Che tipo di relazione ha con i suoi attori? Quando scrive un ruolo ha già in mente qualcuno in particolare per interpretarlo? «Quasi mai. Solo ora sto lavorando a un progetto per il quale mi “anticipo” qualcuno. Ma è la prima volta che ho già in mente degli attori. E una delle ragioni di questo è che un ruolo che ispira davvero un attore è di solito qualcosa che non ha mai provato. Un suo aspetto che non è mai stato messo in luce».
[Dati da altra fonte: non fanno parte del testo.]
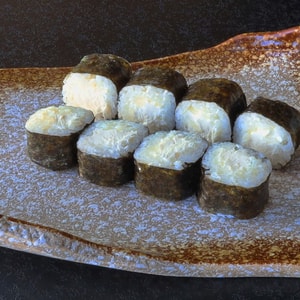 Фото товара 'Хосомаки классика со сливочным сыром'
A proposito della sua attività come songwriter. Quanto è importante la musica nella sua vita? Anche un film ha un suo ritmo, non è così? «Questa è una questione sulla quale ho riflettuto molto. Specialmente quando ho quasi perso una mano a causa di un’infezione. Stavano per amputarmela. E quando ho saputo che invece avrei continuato ad averla ho ripreso a suonare il pianoforte. Ne ho comprato uno nuovo. Un Bösendorfer, uno strumento favoloso. La musica è il mio primo amore. E non dimentichi mai il tuo primo amore. È come la più pura delle preghiere. E un film senza musica è morto. Io ho sempre lavorato con lo stesso compositore, Nick Glennie-Smith che ha portato una tale magia ai miei film. Non so dove la musica andrà nella mia vita. Ma ora è diventata qualcosa tra me e Dio. Suono solo per lui».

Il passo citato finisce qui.